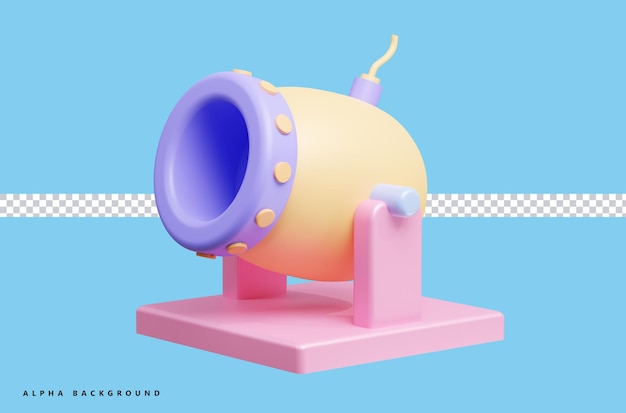 Cannon 3d icon render illustration Premium Psd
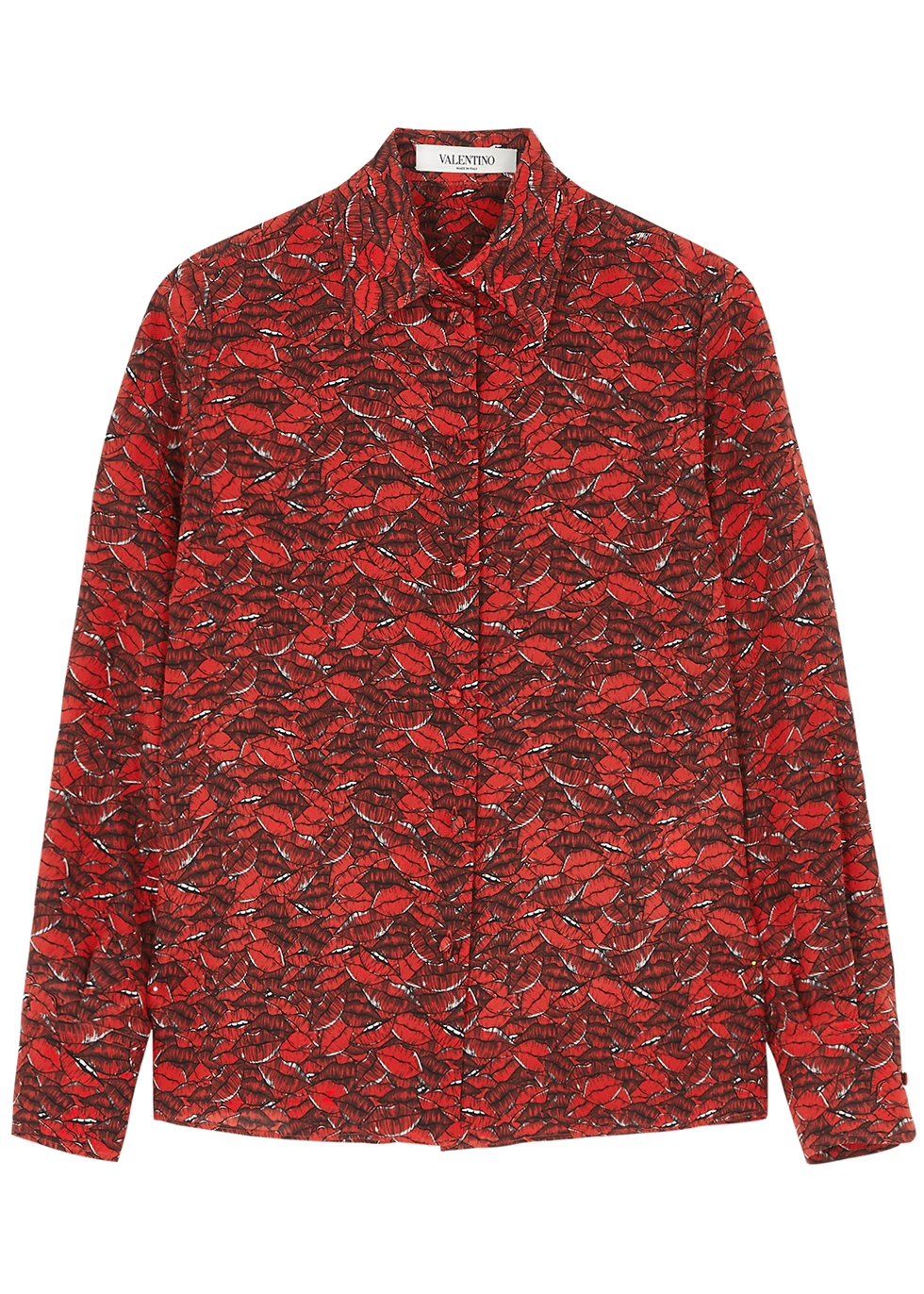 Red printed silk crepe de chine blouse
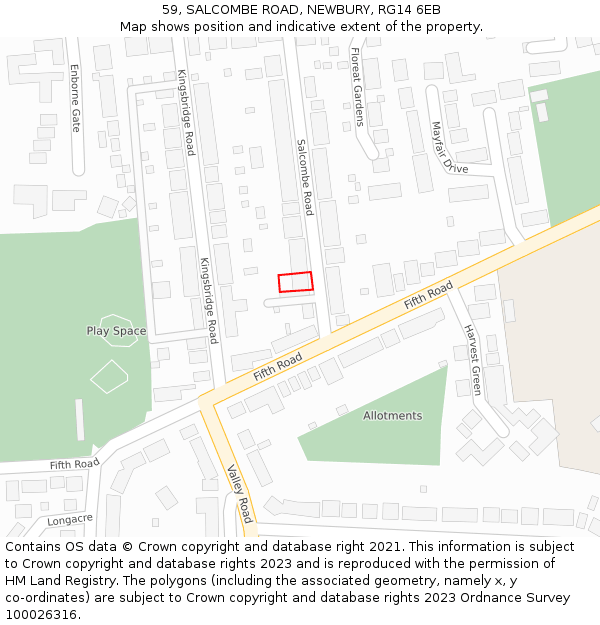 59, SALCOMBE ROAD, NEWBURY, RG14 6EB: Location map and indicative extent of plot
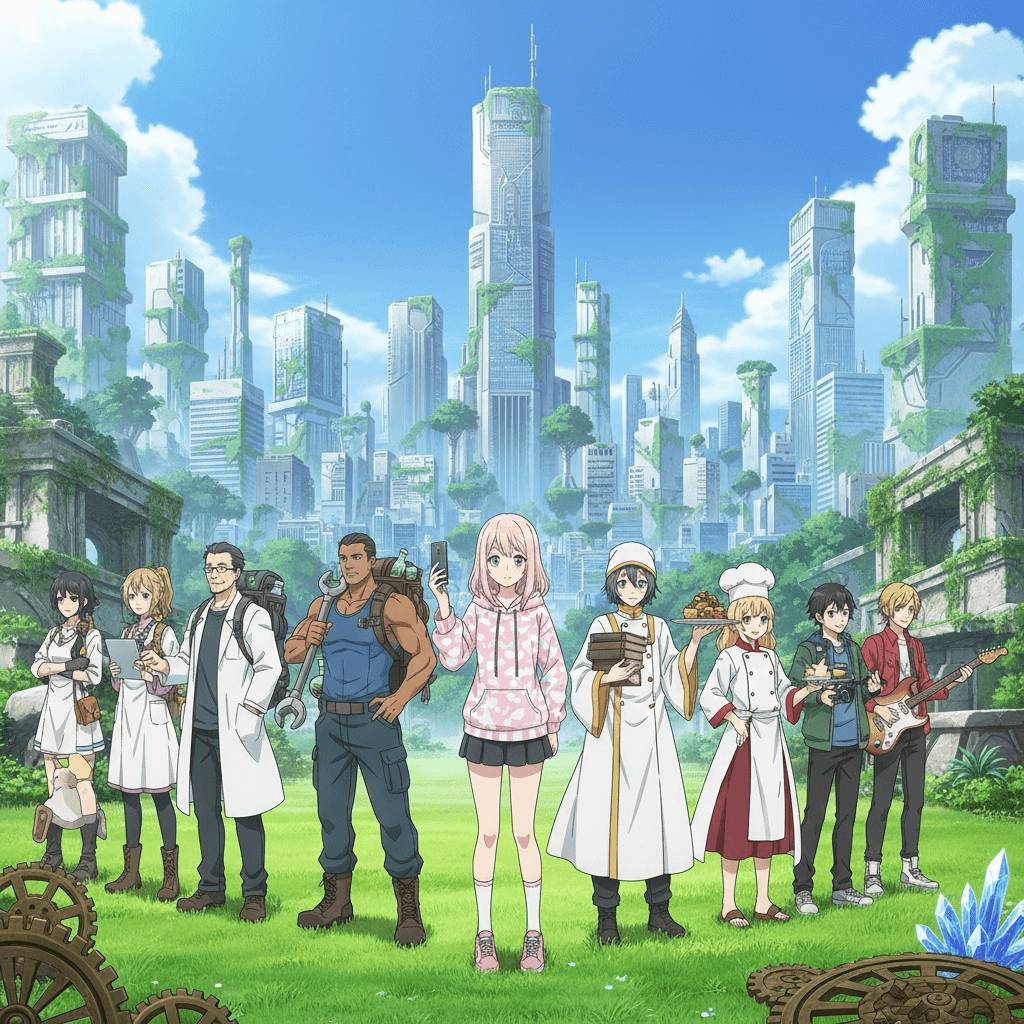 A futuristic control room with holographic displays showing interconnected AI agent nodes, data flows, and world maps, cyberpunk aesthetic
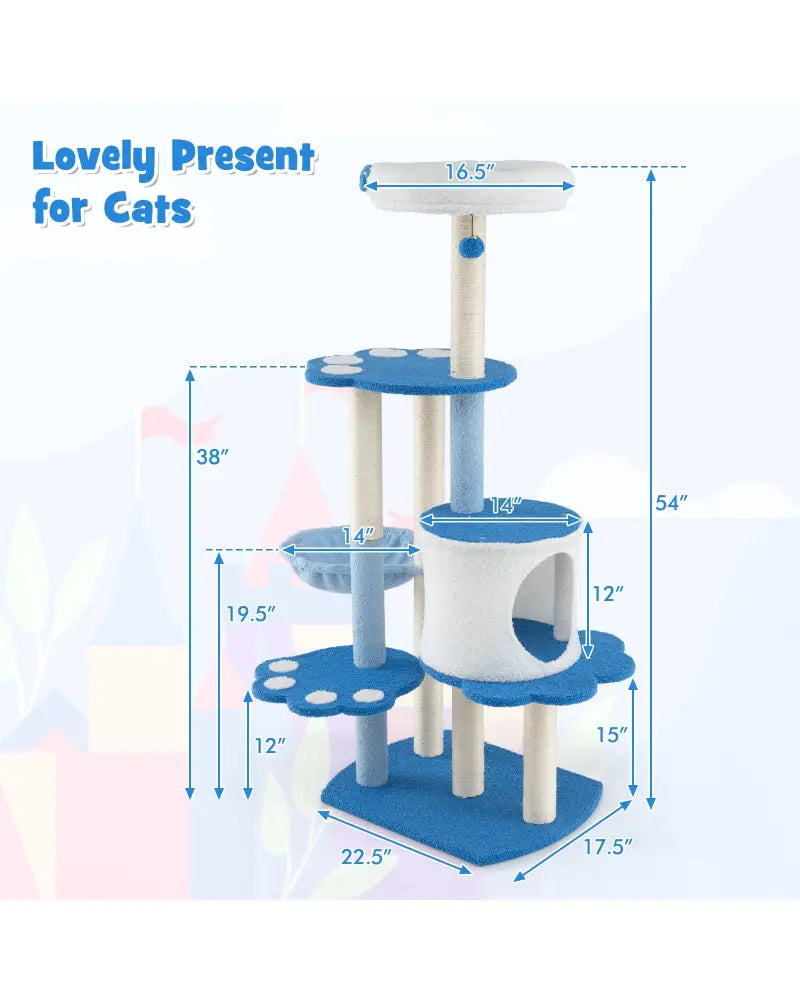 54 Inches Tall Modern Cat Tree Tower for Indoor Cats-Blue - Blue - Cat Trees Condos & Scratchers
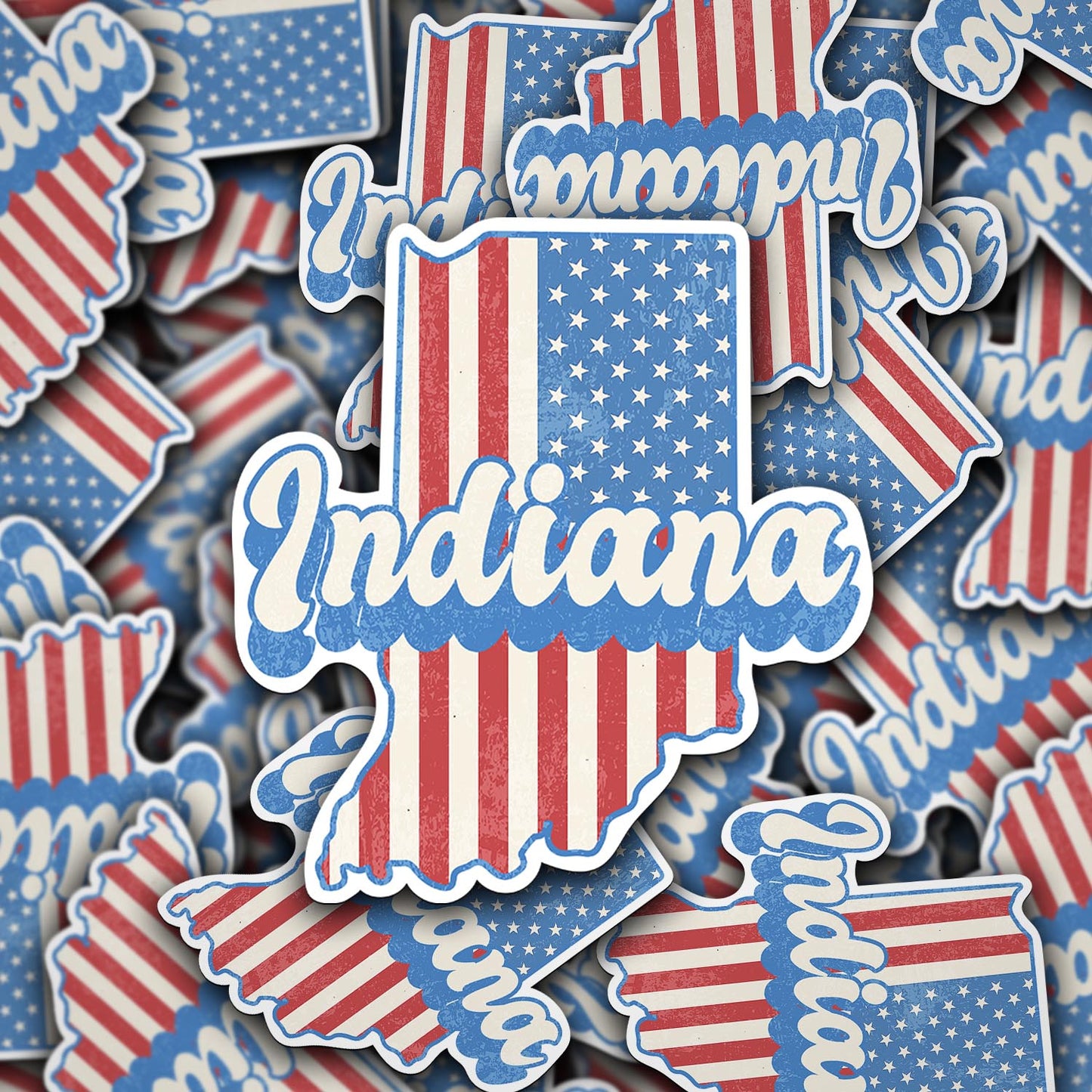 Indiana State Sticker with American Flag Background | Weatherproof Vinyl Decal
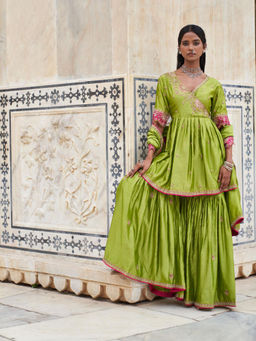 PINK CITY BY SARIKA - Green Suraj Mukhi Angrakha with Sharara and Dupatta (Set of 3)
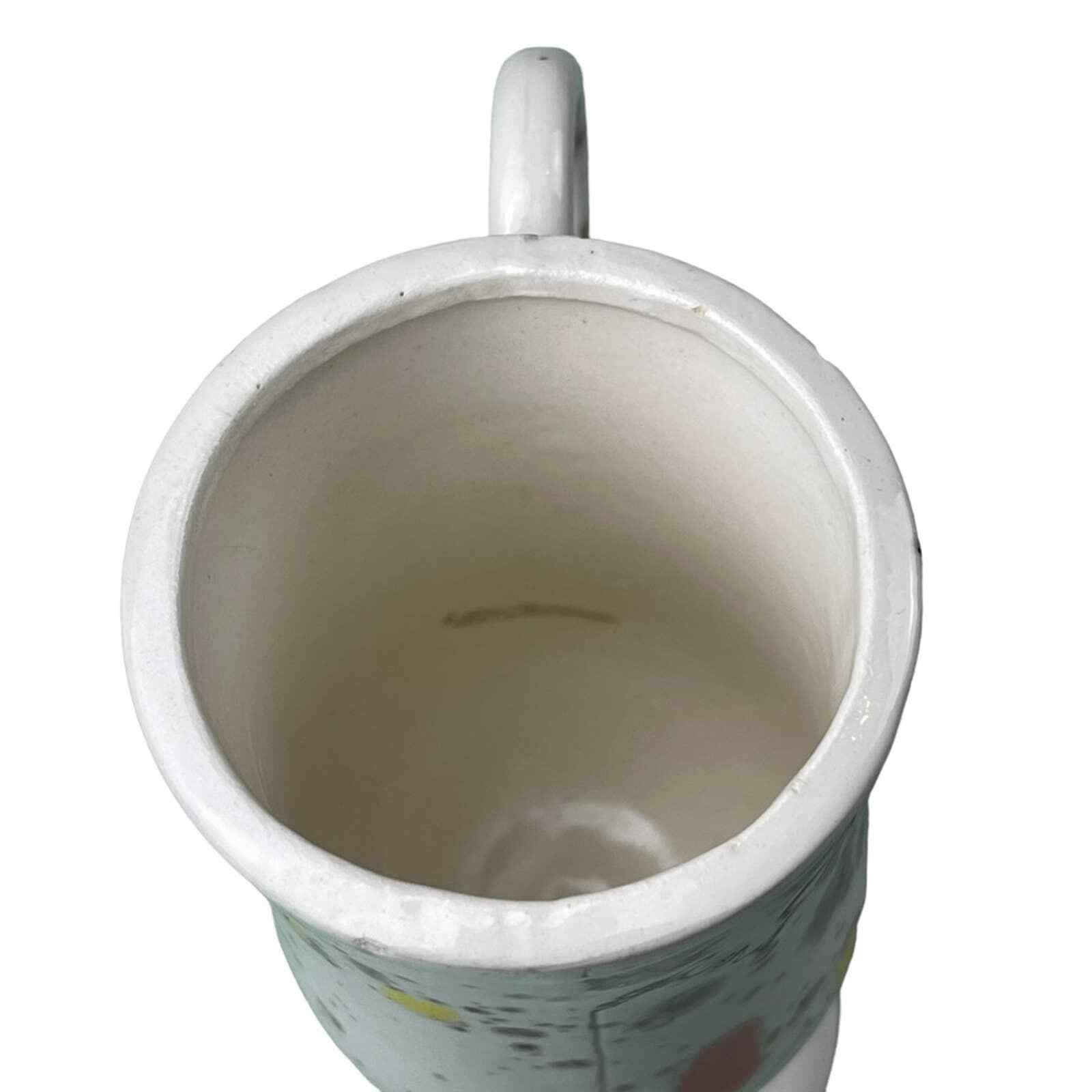 Vintage Mid Century Modern Handmade Ceramic Stemmed Latte Coffee Mug 8oz.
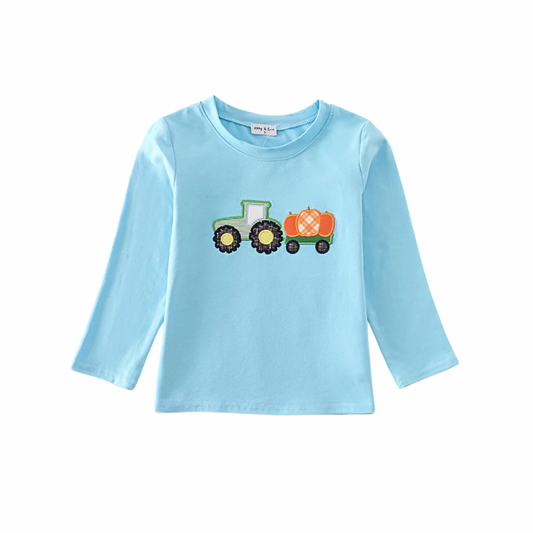 Pumpkin Tractor Appliqué Long Sleeve Top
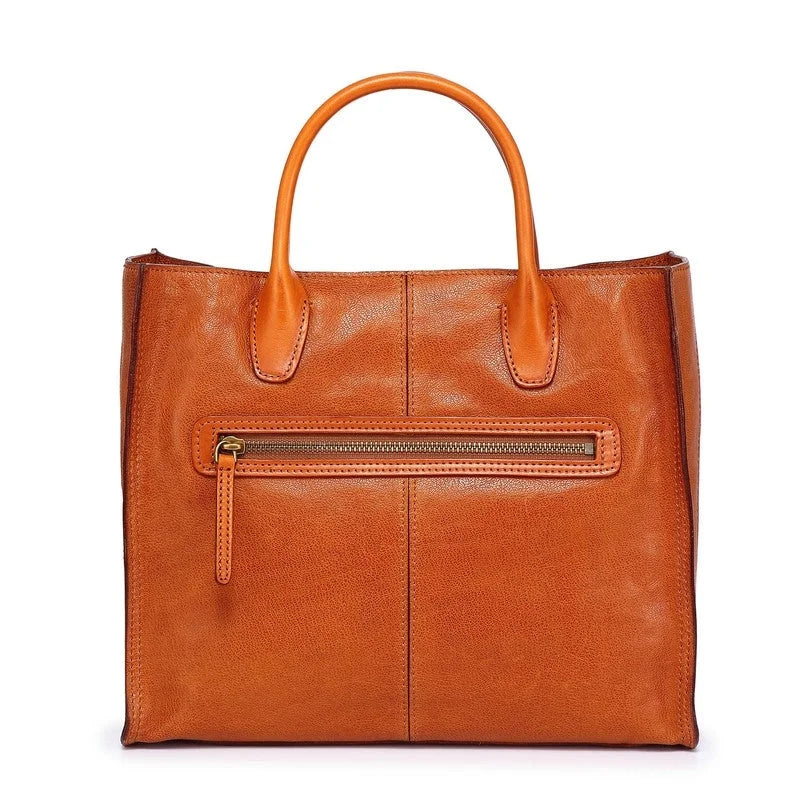 Leather Trend Genuine Black Aspen Leaf Old Bag Tote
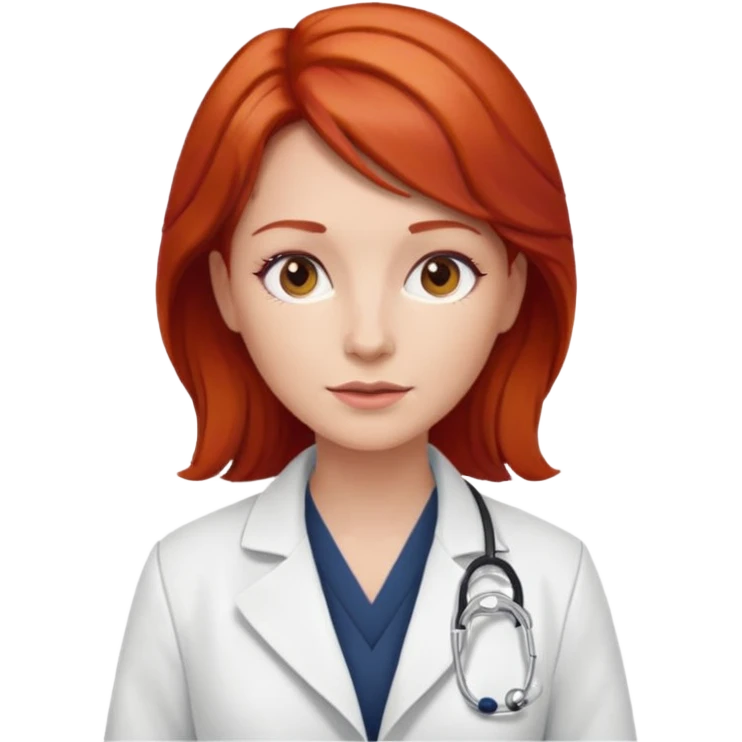woman, red hair, classic, doctor emoji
==*==
**PROBLEM DETAILS:**
Nothing but the lines from the one containing "Leather Trend Genuine" through the end of the listing is to be output, and those lines are to be output exactly, pictures excluded.

**ANSWER FOR THIS EXERCISE:**
 Leather Trend Genuine Black Aspen Leaf Old Bag Tote
woman, red hair, classic, doctor emoji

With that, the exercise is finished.